The additional computed tomography coronary angiography has additional radiation exposure. The radiation exposure involved in myocardial perfusion imaging has been found to be between 10-20 millisieverts, whereas the radiation exposure for a dedicated coronary artery calcium score CT is 1 millisievert. The average Australian background radiation exposure per year is 1.5-2milliseverts.
Participants will undergo the dedicated computed tomography coronary angiography within 2 weeks of having their myocardial perfusion scan. The computed tomography coronary angiography will be undertaken at the same centre (Tamworth Rural Referral Hospital), and take approximately 30 minutes. The scan will be completed by a trained diagnostic radiographer at the centre. The computed tomography coronary angiography includes the administration of a contrast agent Iohexol (Omnipaque Trade Name) via intravenous infusion. The administered dose will be between 0 to 100mls and be determined by the diagnostic radiographer at the time of the scan and based on patients body habitus, to ensure an optimal scan. Participants may also require the administration of a heart rate controlling medication, metoprolol, to achieve an optimal heart rate of approximately 60 beats per minute for the scan.
The computed tomography coronary angiography and myocardial perfusion computed tomography scans will be assessed at the same centre by the researchers to determine whether there is a correlation between the two coronary artery calcium scores.

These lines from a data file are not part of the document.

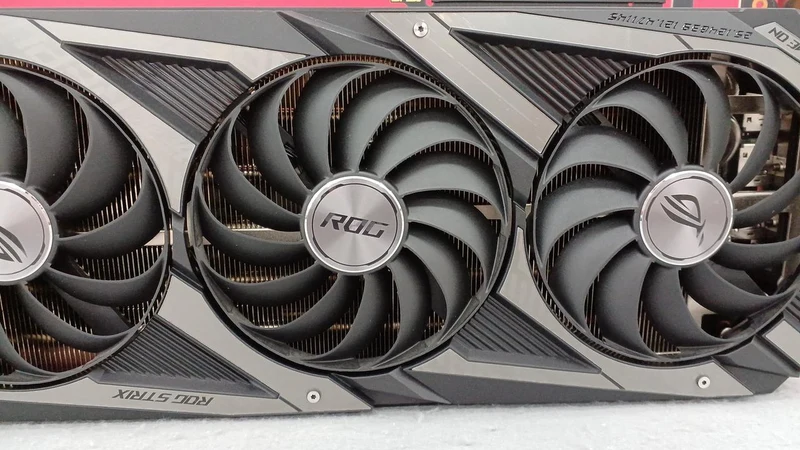 ASUS Grafikkarte: ROG-STRIX-RTX3070TI-O8G-GAMING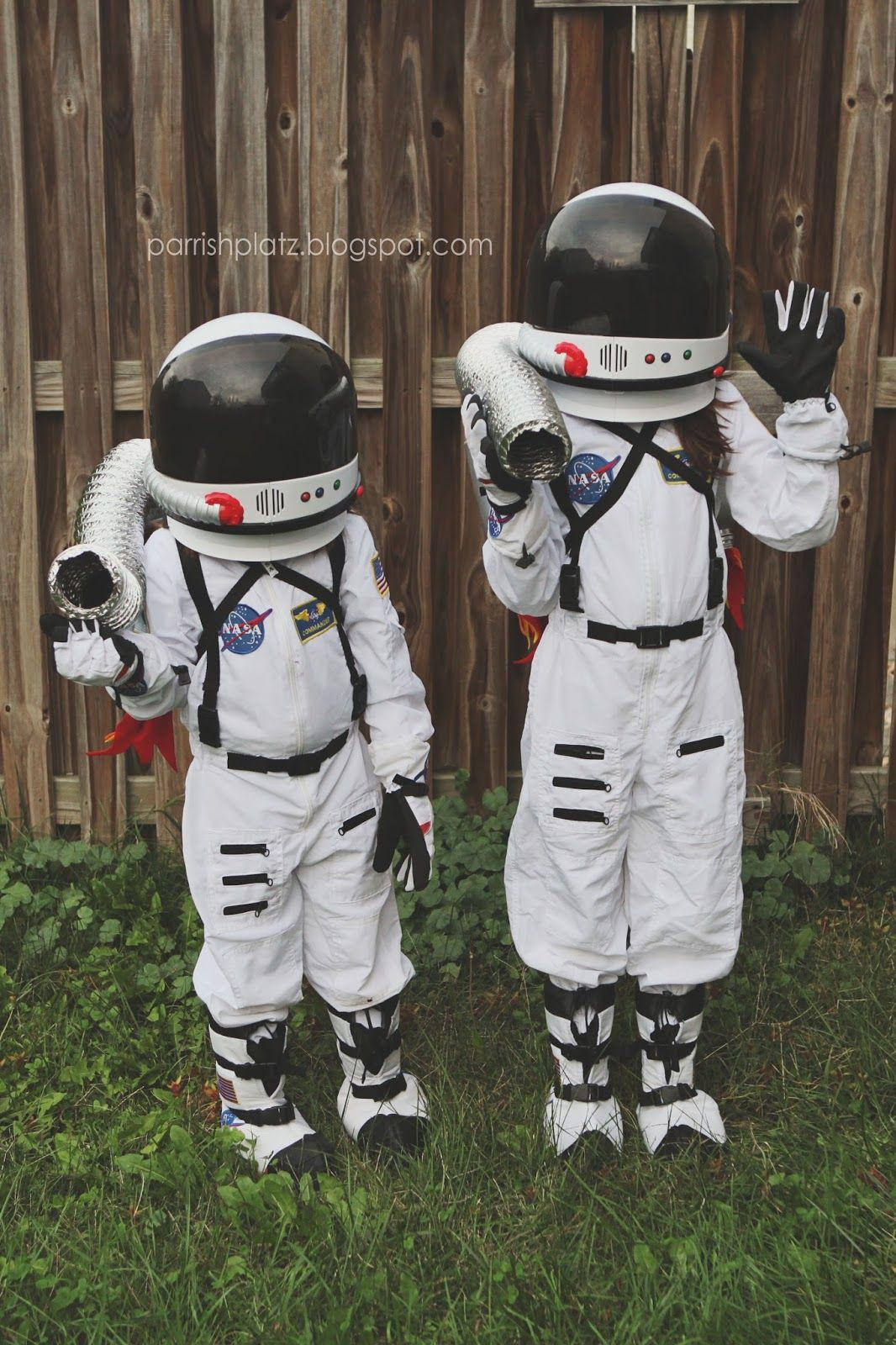 DIY Kids Astronaut Costume
 astronaut costumes with candy collecting jetpacks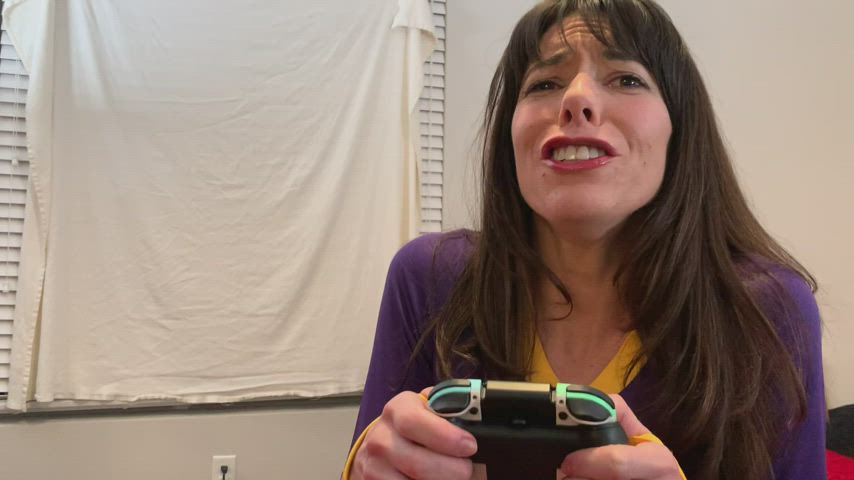 Cheerleader Tries Video Game... Gets Facialed : video clip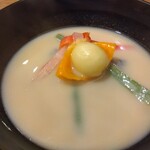 茂幸 - 蓮根餅を使った白味噌のお雑煮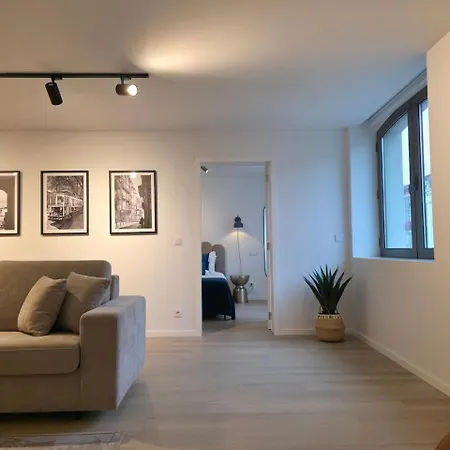 Apartment Spacious And Modern 2-bed With Garage *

Patients who do not undergo the dedicated computed tomography coronary angiography will be excluded from the study. This will be determined by the absence of a dedicated computed tomography coronary angiography at the time of conducting the coronary artery calcium scores on the respective images.
All participants will undergo the same intervention. The amount of the contrast agent, the requirement for metoprolol for rate control and the dose of radiation from the computed tomography scan will vary between patients. Each of these will be noted in the data collection and in the reporting of the study.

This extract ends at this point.